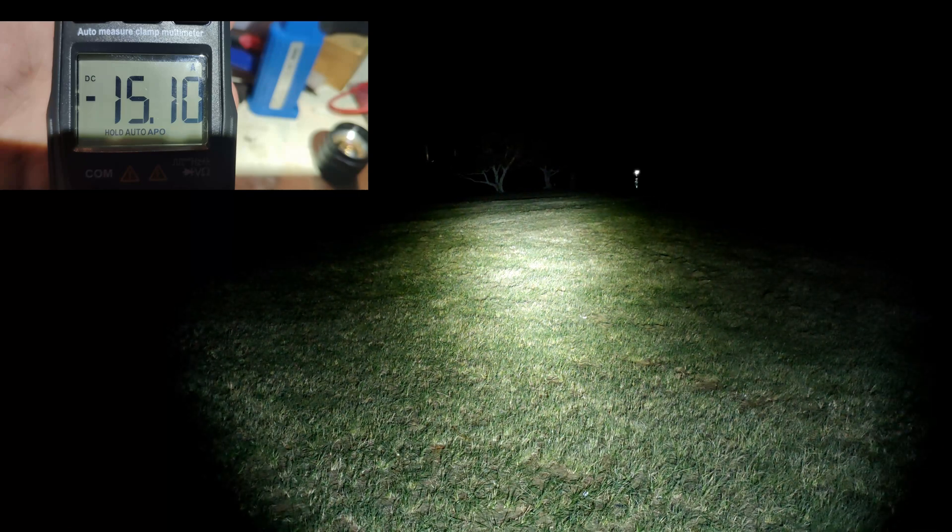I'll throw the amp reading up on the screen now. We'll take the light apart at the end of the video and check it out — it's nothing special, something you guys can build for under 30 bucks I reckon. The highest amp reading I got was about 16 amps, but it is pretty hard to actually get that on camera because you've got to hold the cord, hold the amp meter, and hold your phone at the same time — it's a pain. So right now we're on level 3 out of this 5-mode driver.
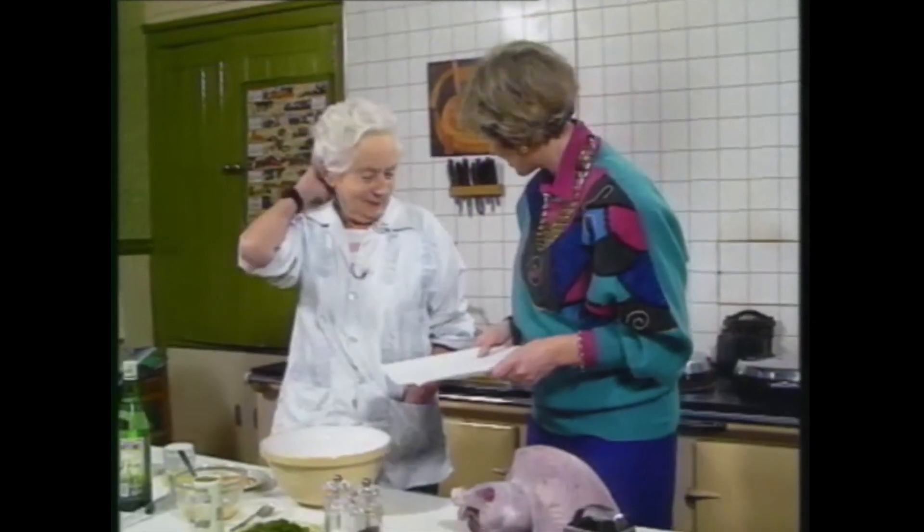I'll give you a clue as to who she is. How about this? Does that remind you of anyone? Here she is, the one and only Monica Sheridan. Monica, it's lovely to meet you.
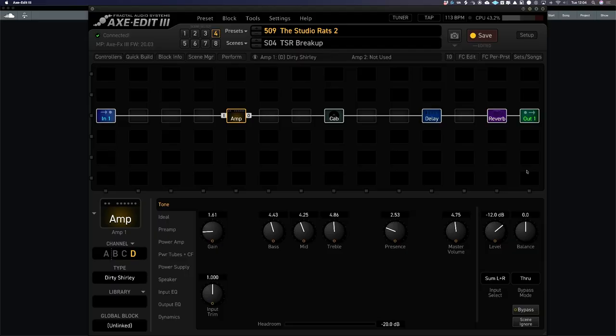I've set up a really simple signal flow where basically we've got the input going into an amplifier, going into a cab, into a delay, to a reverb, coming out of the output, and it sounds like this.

___

» **Exercise goal**: Every line above is to be repeated exactly, but no picture is to appear in the copy.

» **Finished exercise**:
I'll throw the amp reading up on the screen now. We'll take the light apart at the end of the video and check it out — it's nothing special, something you guys can build for under 30 bucks I reckon. The highest amp reading I got was about 16 amps, but it is pretty hard to actually get that on camera because you've got to hold the cord, hold the amp meter, and hold your phone at the same time — it's a pain. So right now we're on level 3 out of this 5-mode driver.
I'll give you a clue as to who she is. How about this? Does that remind you of anyone? Here she is, the one and only Monica Sheridan. Monica, it's lovely to meet you.
I've set up a really simple signal flow where basically we've got the input going into an amplifier, going into a cab, into a delay, to a reverb, coming out of the output, and it sounds like this.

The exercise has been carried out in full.